= Eira (Messenia) =

Fortified settlement in the north of ancient Messenia

Eira (Εἶρα), also known as Hira or Ira (Ἰρά), and Hire or Ire (Ἱρὴ), was a fortified settlement on a mountain of the same name, in the north of ancient Messenia, near the Neda River. During the Second Messenian War the Messenians fortified the place, and Aristomenes defended it for ten years against the Spartans. Pausanias dates the capture of the city by the Lacedaemonians to the first year of the 28th Olympiad (668 BCE). The Arcadians welcomed many Messenians who withdrew thither after the capture of Eira, while the captured Messenian prisoners were converted to helots by the Lacedaemonians, and the rest of Messenians who lived on the coast were exiled to Cyllene, in Elis. Pausanias adds that 297 years after the capture of Eira, in the third year of the 102nd Olympiad (370 BCE), the Messenians regained their territory.
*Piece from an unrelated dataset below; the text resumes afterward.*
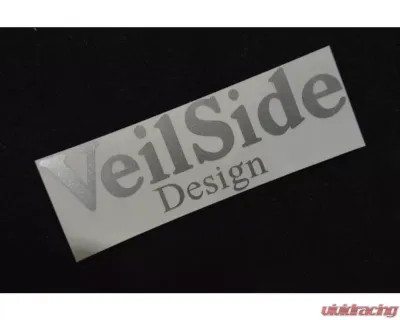 VeilSide Design Sticker Silver Size 40x120mm - ST010-06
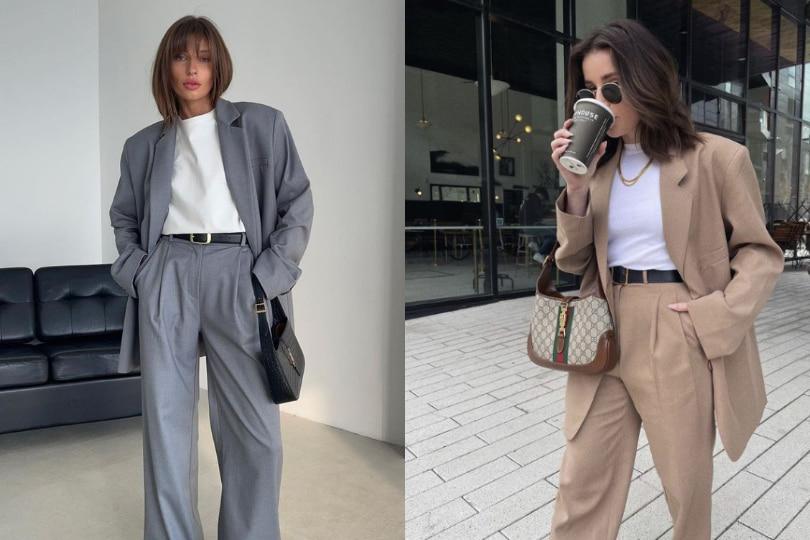 2024 春夏新宠“松弛感穿搭”:极简风回归,利用扎衣法营造层次 内容图2 女神网-大潮社TV实时追踪属于女人新资讯的综合网站! 2024 春夏新宠“松弛感穿搭”:极简风回归,利用扎衣法营造层次 乐生活 图2张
Pausanias mentions the possibility that the city of Abia anciently had the name of Ιρή (Ire), the city cited by Homer, but seems to distinguish this Ιρή from the Eira of he recounts in the Second Messian War.

Its site is located near the modern Kakaletri, between it and Stasimo. On Mount Tetrazi, located near Andania and the Neda River, there are remains that some have identified with Eira.